A North Carolina program that uses GPS to monitor sex offenders will be scrutinized again by the state’s highest court.
The U.S. Supreme Court on Monday ordered the N.C. Supreme Court to reconsider a legal challenge by Torrey Dale Grady, a sex offender arguing that his constitutional rights are being violated by the program.
The ultimate decision in the case has the potential to cause a ripple effect across the country. More than 40 states have adopted laws in the past decade that call for some type of GPS monitoring of sex offenders. Some states have expanded the programs to monitor gang members and domestic abusers.
North Carolina is one of eight states that subject some offenders to lifetime monitoring.
Grady, 36, of Wilmington, argues that requiring him to wear an electronic monitor around his ankle is a violation of the U.S. Constitution’s Fourth Amendment, which bans unreasonable searches and seizures.
Grady was accused in 2006 in New Hanover County of statutory rape and taking indecent liberties with a child. He pleaded guilty to one count of taking indecent liberties with a child and was sentenced to almost three years in prison. He was released in 2009.
That offense came after Grady was convicted in 1997 of a second-degree sexual offense. He was 17 at the time, and the registry does not list the age of the victim.
The two convictions classify him as a recidivist under North Carolina law.
In May 2013, after a 20-minute hearing, a N.C. Superior Court judge ordered him to a lifetime of monitoring.
Grady’s lawyers say he must wear the monitor at all times, including while it is charging, which can take as long as six hours.
Attorneys for Grady argued that the monitoring he is subject to is so extreme that it constitutes an illegal search.
The U.S. Supreme Court justices agreed and sent the case back to the N.C. Supreme Court for a fuller hearing on that topic.
“The state’s program is plainly designed to obtain information,” the justices ruled in an unsigned opinion. “And since it does so by physically intruding on a subject’s body, it effects a Fourth Amendment search.”
That conclusion, the justices stated, did not decide the ultimate question of the constitutionality of the North Carolina program.
Some 600 North Carolina residents are subject to the monitoring.
“As GPS surveillance technology advances, the public will continue to demand its use in more – and more intrusive – searches,” Grady’s petition stated.
The U.S. justices likened Grady’s case to a prior ruling.

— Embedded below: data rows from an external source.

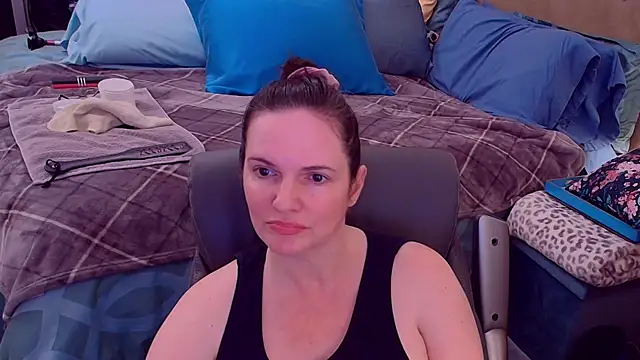 ninajaymes online show from November 2, 12:15 am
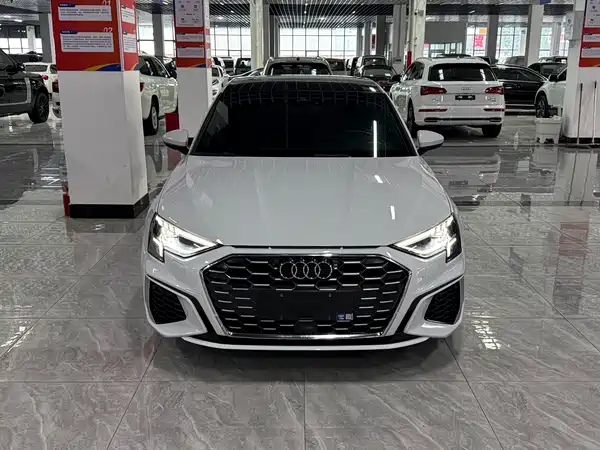 Audi A3 2022, фото 2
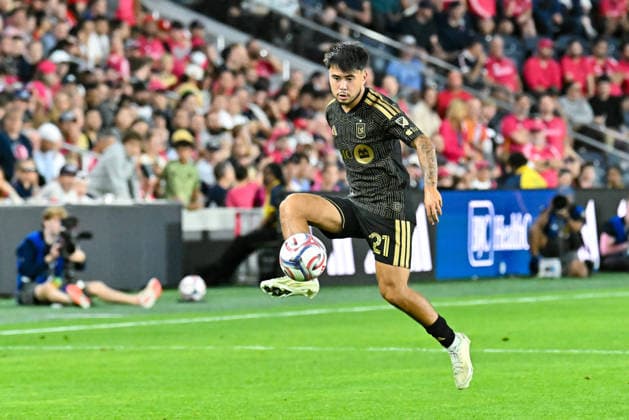 ST. LOUIS, MO - MAY 13: Ryan Raposo (21) of the Los Angeles Football Club settles the crossed ball during the MLS, Fussball Herren, USA regular season match where St. Louis CITY SC hosted Los Angeles Football Club on Wednesday May 13th, 2026, at Energizer Park in St. Louis City, MO. (Photo by Rick Ulreich Icon Sportswire) SOCCER: MAY 13 MLS St. Louis CITY SC vs Los Angeles Football Club EDITORIAL USE ONLY Icon26051319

In 2012, the Supreme Court held that placing tracking devices on cars to follow their movements was a search subject to constitutional limits.

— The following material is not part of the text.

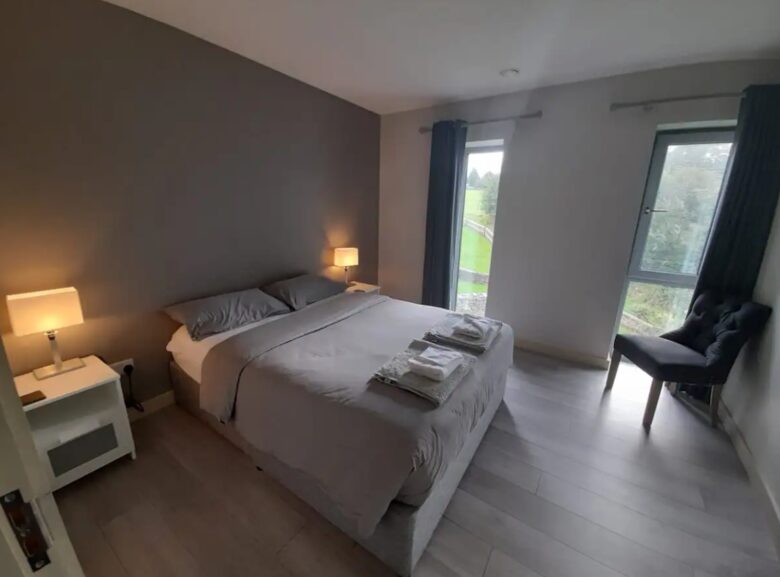 Modern 4 Bedroom House By The Harbour - Westport, Ireland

North Carolina officials contended in their arguments that Grady’s complaints were “outdated” and “uncorroborated.” They argued that Grady presented no evidence of interruptions to his daily life, nor did he provide firm numbers for how often program administrators must visit his home.
Counsel from the N.C. Attorney General’s office argued that Grady had resorted “to hyperbole to characterize the severity and offensiveness of the ‘trespass’ resulting from the monitoring.”
N.C. Attorney General Roy Cooper, an advocate of the N.C. monitoring program established in 2006 by state legislators, said Monday he was not deterred by the ruling.
“We’ll keep fighting to use technology to keep communities safe from the worst offenders,” Cooper said in a statement released by his spokeswoman.
It was not clear Monday when the N.C. Supreme Court would take another look at the case.